Groenwold et al 1 argue that stabilization of the effect estimate is a strong argument against residual, unmeasured confounding. We think that stability is a property of the results obtained from the observed data. The possibility of outliers and/or influential data points to be the reason for such artificial stability cannot be ruled out. However, even if there are no outliers, stability of effect estimate does not rule out residual confounding in this study as cancellation of confounding by covariates in opposite directions is still possible.

Functional health status is likely to be correlated to co-morbidities, prior healthcare and medication use within the same individual, as also suggested by Groenwold et al.1 However, this can result in collinearity such that the effect of functional status on the vaccination status might not be apparent because their combined effects could tend to cancel each other out.
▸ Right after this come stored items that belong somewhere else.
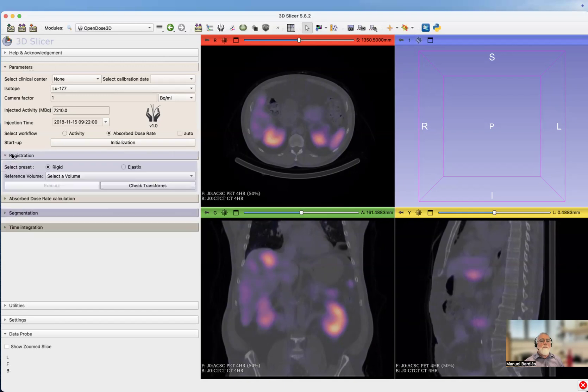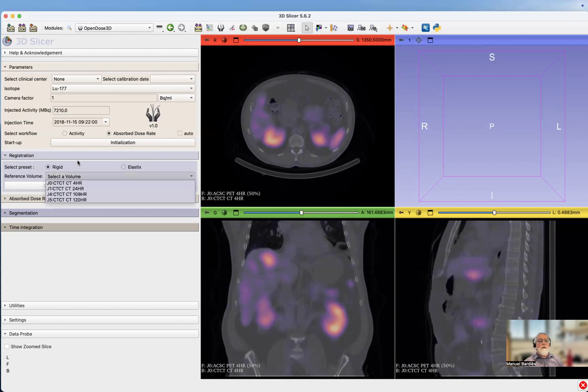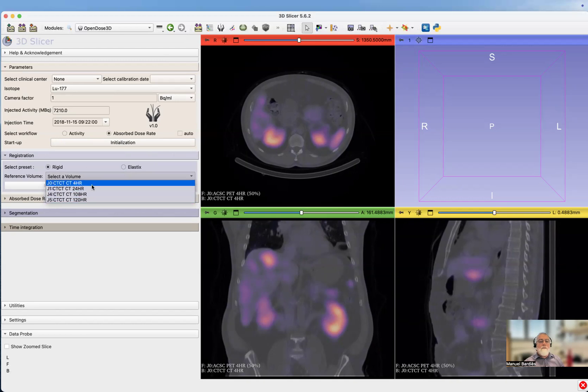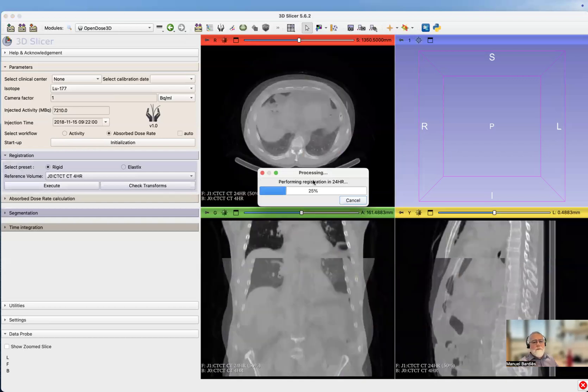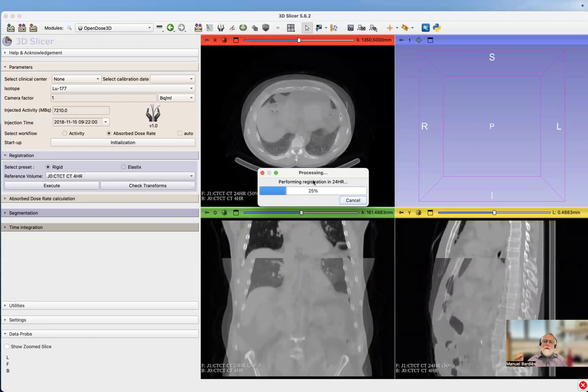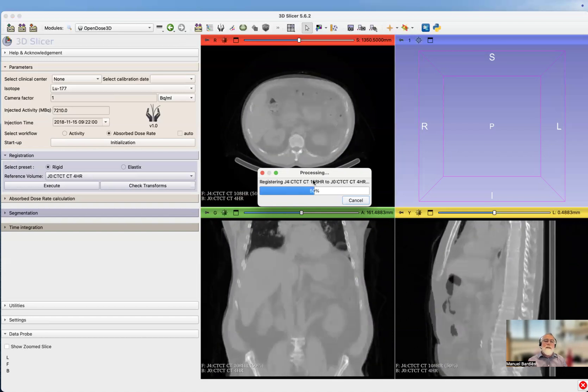Now what we need to do is register images. For the sake of the demonstration, we're going to select rigid registration and we select the reference image here, the CT at four hours, and we execute. It's going to try to register the three other CT to the CT acquired at day zero, four hours.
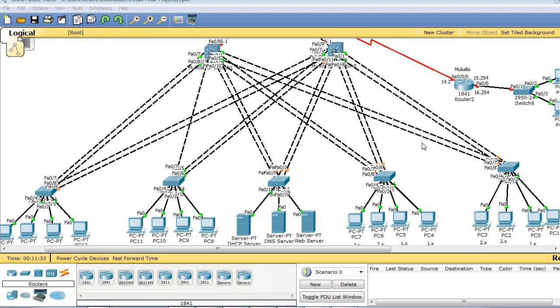Section number four: configuring additional features and security, where features that enhance the performance and security of the network are implemented.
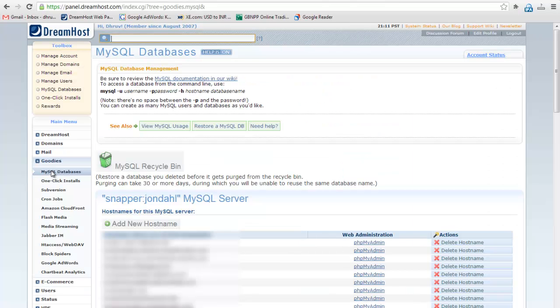To add a new database, you first need to create MySQL hostname for your domain.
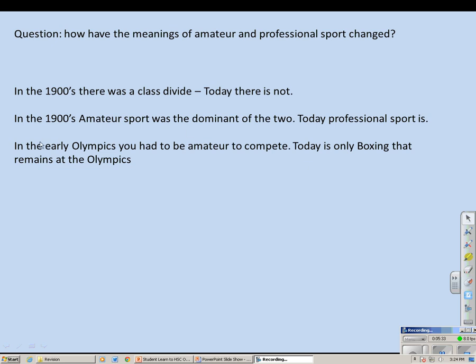An interesting point to remember: in the early Olympics you had to be an amateur to compete — no professional sportsmen were allowed to participate. Today that has changed as well. The only sport that has kept its amateur status at the Olympics is boxing; no professional boxers are allowed to compete. But for every other sport, professionals are now able to compete.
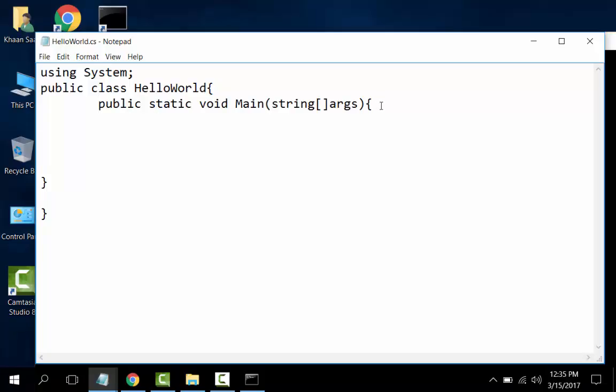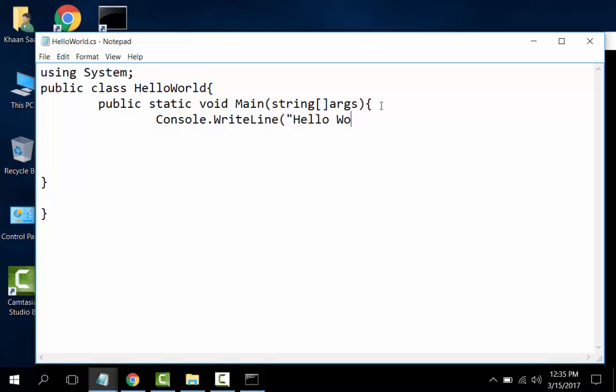Here is the command: Console.WriteLine("Hello World from C#"); with semicolon.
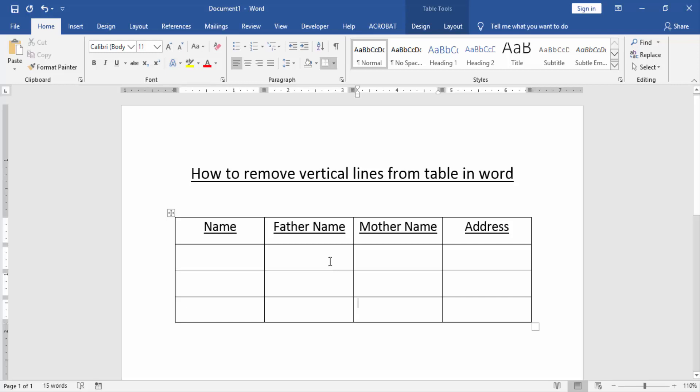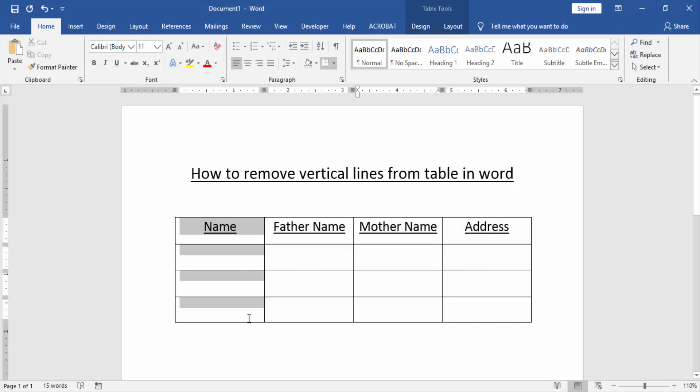Now we can see here this table and we remove the vertical line from this table. Select a column. Now I select the first column of this table and go to the design menu.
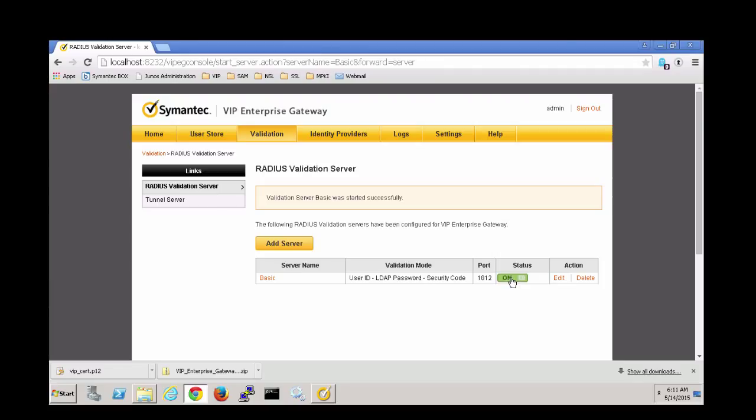Your server should be on now, and now you have your first validation server. Please see the follow-up videos for next steps.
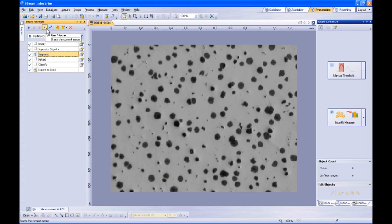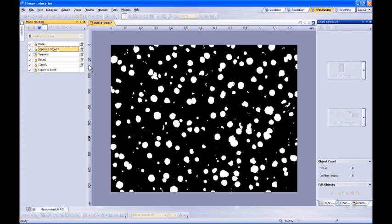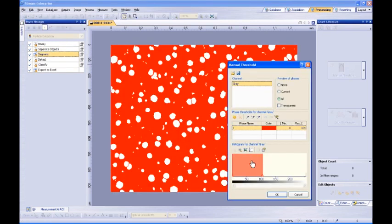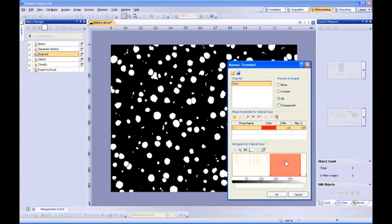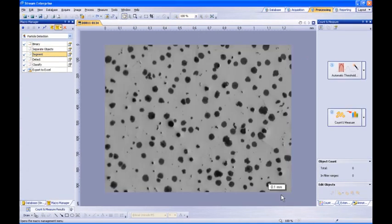When the macro is run, you will now notice that the operator is prompted to set the segmentation grayscale thresholds. By default, the macro is only available to the author.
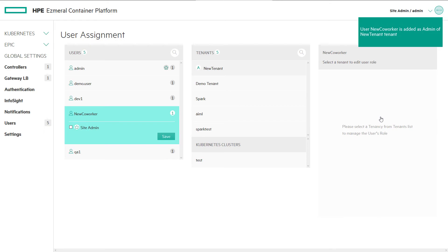HPE Ezmeral Container Platform simplifies the process of setting up user groups and access controls to compute and data based on predefined organization roles.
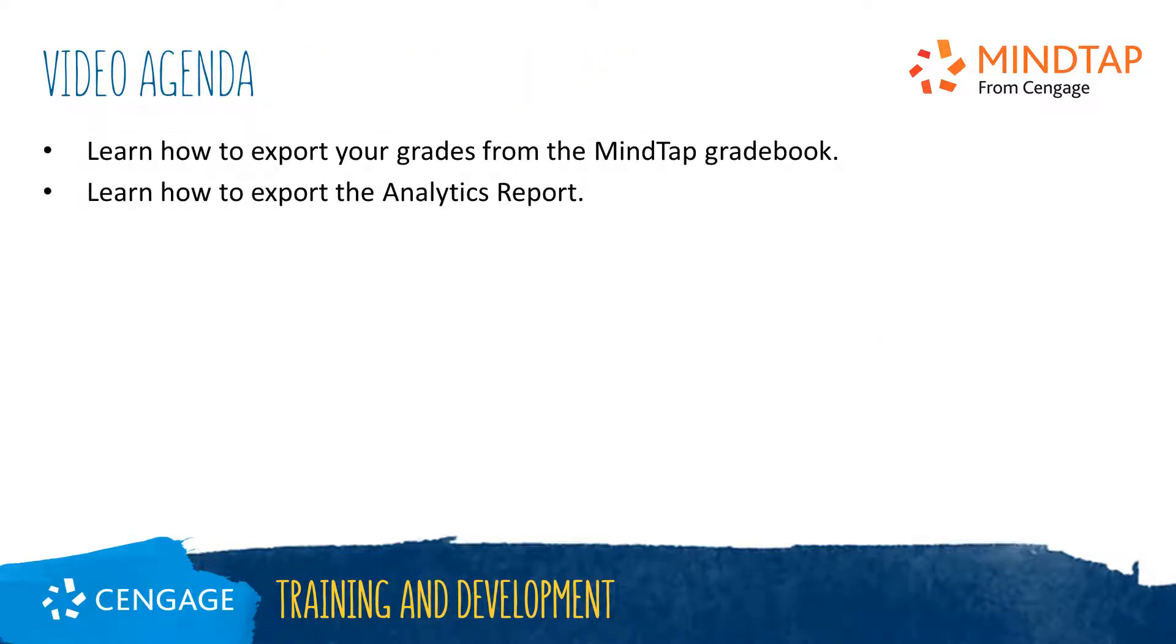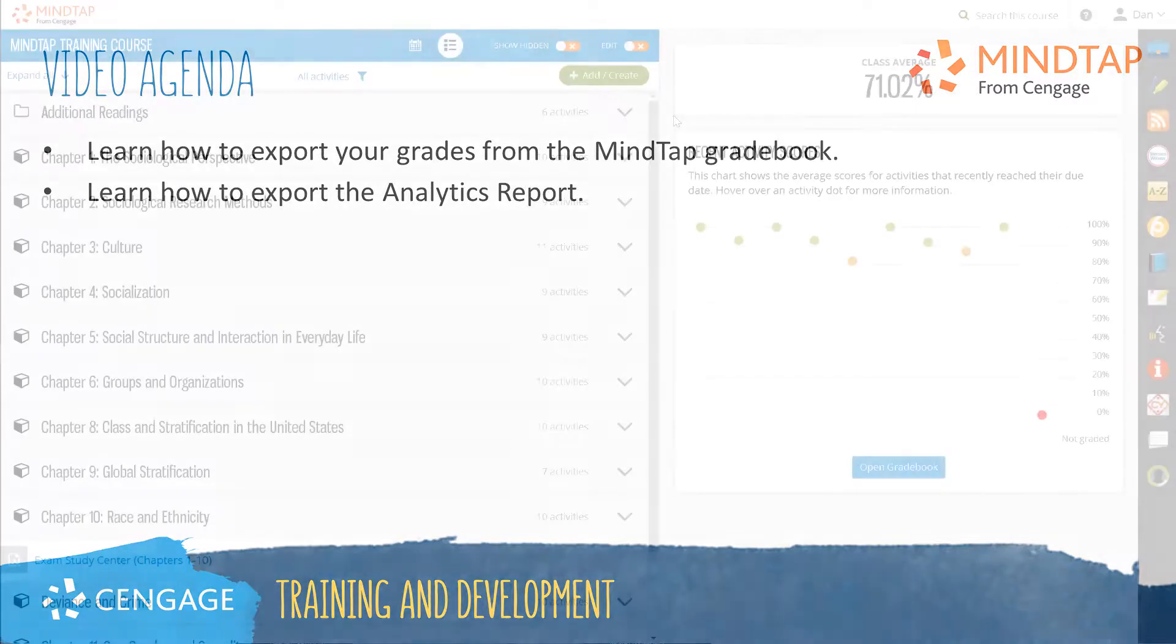This video will guide you through the process of exporting your grades from the MindTap gradebook into an Excel CSV file format or your LMS-linked gradebook. You will also learn how to export the Analytics report, which collects data on student engagement in MindTap.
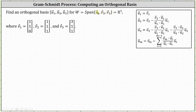Vector V sub one is the vector (1, 1, 0), vector V sub two is the vector (1, 1, 1), and vector V sub three is the vector (3, 1, 1). Notice how because this is equal to R3, we know these three vectors are linearly independent.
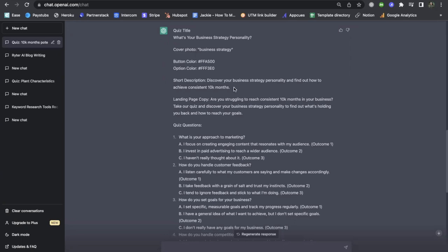So the description of this quiz is 'discover your business strategy personality to find out how to achieve consistent 10K months.' Anybody wanting to achieve 10K months will probably want to take this quiz so they can figure out the right strategy for them. And that is my ideal customer — that is who I was trying to target with this quiz. So I think this is going to be a good one.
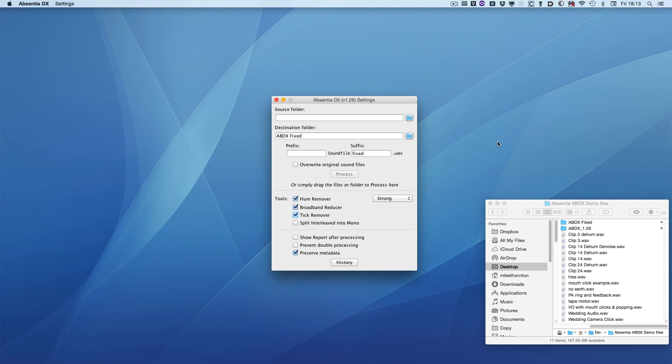Hi, it's Mike Thornson, and today we're going to take a look at a completely different take on cleaning up audio, the Absentia DX, or ABDX for short, from Todd A.O.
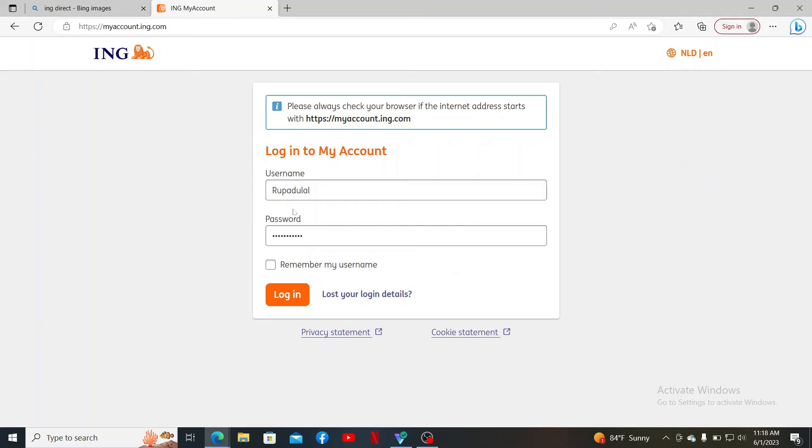If you'd like the system to remember your username, click on this little box at the bottom. Make sure to leave it unchecked if you are using a public or a shared device. Finally, click the login button and you'll be able to access your ING Direct account online.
Highly correlated factors can not only affect the numerical accuracy of regression parameters but also make it difficult to interpret the direction and magnitude of their effects. Use of statistical techniques such Principal Components Analysis and Ridge Regression could assist in better interpreting these results.

Conclusions

The goal of this review is to stress the need for following clear steps for identification of potential confounders. Identification of potential confounders should be guided by biological context and intuition without ignoring the methodological issues. While “prior” information is important in such identification, other factors required for a variable to be a confounder include that the it has to be an extraneous risk factor, association with exposure among non-diseased and not being (a mediator or a collider) in causal pathway.

Articles such as by Groenwold et al 1,conclude that unmeasured confounders, such as functional health status, have no impact on the estimated effectiveness of influenza vaccination in reducing mortality risk. The attempt of this review is to infer that the readers would be benefited more if the authors spelt out the study limitations explicitly, including the rationale for their assumptions. We wish to submit that even with the best of study design and (perceived) lack of all bias, results from a single study cannot be used to draw final conclusions.